İsrail, kalan 135 rehineden en az 19'unun öldüğünü ve bu hafta iki cesede ulaşıldığını açıkladı. Rehinelerin yaklaşık 100'ü Kasım ayında bir hafta süren ateşkes sırasında serbest bırakılmıştı.
Rehinelerin fotoğrafları ve "onları eve getirin" sloganı İsrail'in dört bir yanında duvarlara ve otobüs duraklarına yapıştırılıyor, kamu binalarına yansıtılıyor.
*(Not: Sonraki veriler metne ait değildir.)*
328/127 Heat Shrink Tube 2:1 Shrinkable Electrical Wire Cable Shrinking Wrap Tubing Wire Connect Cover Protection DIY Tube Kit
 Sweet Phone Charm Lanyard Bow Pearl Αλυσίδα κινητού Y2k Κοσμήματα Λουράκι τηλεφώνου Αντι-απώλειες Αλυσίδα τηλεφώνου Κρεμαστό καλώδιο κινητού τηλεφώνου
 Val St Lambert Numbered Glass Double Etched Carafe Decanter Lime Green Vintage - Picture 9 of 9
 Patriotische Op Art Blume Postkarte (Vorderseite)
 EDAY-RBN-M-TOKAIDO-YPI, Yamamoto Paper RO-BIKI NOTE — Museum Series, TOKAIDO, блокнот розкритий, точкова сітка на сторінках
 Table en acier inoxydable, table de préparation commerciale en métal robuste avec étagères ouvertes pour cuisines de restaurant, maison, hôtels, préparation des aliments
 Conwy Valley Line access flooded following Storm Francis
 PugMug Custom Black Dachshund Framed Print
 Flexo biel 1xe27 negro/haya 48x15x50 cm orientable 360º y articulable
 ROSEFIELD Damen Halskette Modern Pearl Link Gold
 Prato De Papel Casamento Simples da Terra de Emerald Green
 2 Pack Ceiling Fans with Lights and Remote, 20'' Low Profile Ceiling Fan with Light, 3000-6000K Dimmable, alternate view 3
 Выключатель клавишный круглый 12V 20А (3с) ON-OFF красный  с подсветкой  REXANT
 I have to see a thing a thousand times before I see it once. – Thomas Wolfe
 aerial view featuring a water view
İsrailliler geçmişte rehineleri kurtarmak ya da askerlerinin hayatını kurtarmak için taviz vermeye istekli olduklarını göstermişlerdi ancak İsrail'in 75 yıllık tarihinde tek seferde yaşanan en ölümcül olay olan 7 Ekim, görüşleri iyice sertleştirdi.
İstikrarsız durum göz önüne alındığında şaşırtıcı olmayan bir şekilde, anketler İsraillilerin uzun vadeli bir çözümün nasıl görüneceğinden emin olmadıklarını gösteriyor.
Ancak İsrail Demokrasi Enstitüsü'nün anketine göre vatandaşların yüzde 40'ından fazlası ülkenin savaştan sonra ayrı bir Filistin devleti kurulmasını desteklemesi gerektiğini düşünüyor.
Tel Aviv Üniversitesi'nin anketine göre, İsraillilerin neredeyse yüzde 60'ı, Arap İsraillilerin yüzde 40'ı da dahil olmak üzere, savaşın en önemli hedefi olarak Hamas'ın mümkün olan her şekilde ortadan kaldırılmasını gösteriyor.
Yaklaşık üçte biri ise rehineleri eve getirmenin ana hedef olduğunu söyledi.
Hermann, "Şu anda ne birincisini ne de ikincisini başarabildik" diyor.